Even if you haven't played the 168澳洲幸运5开奖网:Resident Evil 4 DLC Separate Ways yet, you might have seen various clips of it being shared online. The expansion pack features some brutal sections - not necessarily punishing by difficulty, but the vengeance they exact on failure. Separate Ways has 168澳洲幸运5开奖网:some of the goriest kills in the en𓄧tire series, and is vintage 168澳洲幸运5开奖网:Resident Evil at its best. I told you all earlier in the year that you needed to play 168澳洲幸运5开奖网:Resident Evil 4 because it was 168澳洲幸运5开奖网:the best horror game in existence. Now I am telling you you need to play Separate Ways to watch yourself die again and 🌠again.

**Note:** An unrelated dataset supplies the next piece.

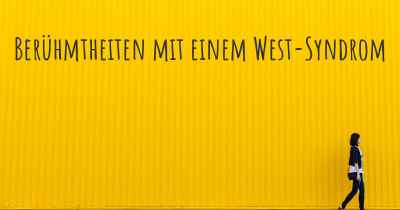 Berühmtheiten mit einem West-Syndrom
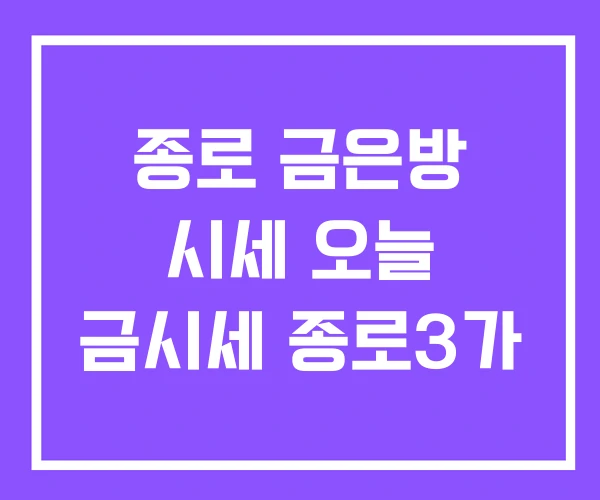 종로 금은방 시세 오늘 금시세 종로3가 종로 금은방 시세 오늘 금시세 종로3가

I don't usually enjoy games where death is 'part of the experience'. There's nothing squeamish about it, but in gaming, death = failure, and games designed to be failed at for hours on end for that sweet taste of victory just don't land with me so much. It's why I didn't connect with Elden Ring along with the rest of the world. In Separate Ways, death is not part of the player's experience, but part of the art. There are several highly graphic death scenes for Ada, but they're executed with such cinematic flair that they become elevated above shock-jockery. We're used to video games featuring obscene violence - Leon is killed in visceral ways in the base game, while the likes of 168澳洲幸运5开奖网:The Last of Us, 168澳洲幸运5开奖网:Mortal Kombat, and 168澳洲幸运5开奖网:God of War also feature gruesome ends.

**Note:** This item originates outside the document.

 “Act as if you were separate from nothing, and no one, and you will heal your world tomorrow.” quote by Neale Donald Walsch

But these games, and Resident Evil 4 itself, are loud and nasty in their violence. They scream their bloodlust. We see skulls smashed in, arms torn off, spines ripped out - it doesn't feel real. It’s gory and 💎impressive to watch the various fatalities of Mort🌟al Kombat 1, but ultimately it's fiction. These kills are impossible, ridiculous. They are a blood-soaked amusement and nothing more. The deaths in Separate Ways are fictional in the literal sense - Ada Wong is not real and thus cannot ever truly die from our incompetence - they're real in the dedication to detail, and their focus on small moments over bombastic buckets of blood.

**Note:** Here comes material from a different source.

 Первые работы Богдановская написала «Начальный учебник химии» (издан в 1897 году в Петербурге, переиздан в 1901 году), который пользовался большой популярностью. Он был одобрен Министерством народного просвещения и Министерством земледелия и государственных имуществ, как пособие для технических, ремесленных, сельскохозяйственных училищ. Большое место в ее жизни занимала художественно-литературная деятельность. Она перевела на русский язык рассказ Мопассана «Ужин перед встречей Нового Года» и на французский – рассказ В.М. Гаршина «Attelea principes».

The death that has been getting the most traction is the laser corridor scene, which recalls the 2002 Resident Evil movie and was 168澳洲幸运5开奖网:in the original game back in 2005. Ada is trapped in a corridor of lasers that move towards her in complex patterns to be avoided. However, despite the obvious similarities to the movie, it most reminded me of 168澳洲幸运5开奖网:Tomb Raider's Legend era. That's because Ada survives these sections through the proper execution of a QTE, and every button failure has a specific and deliciously cruel death scene.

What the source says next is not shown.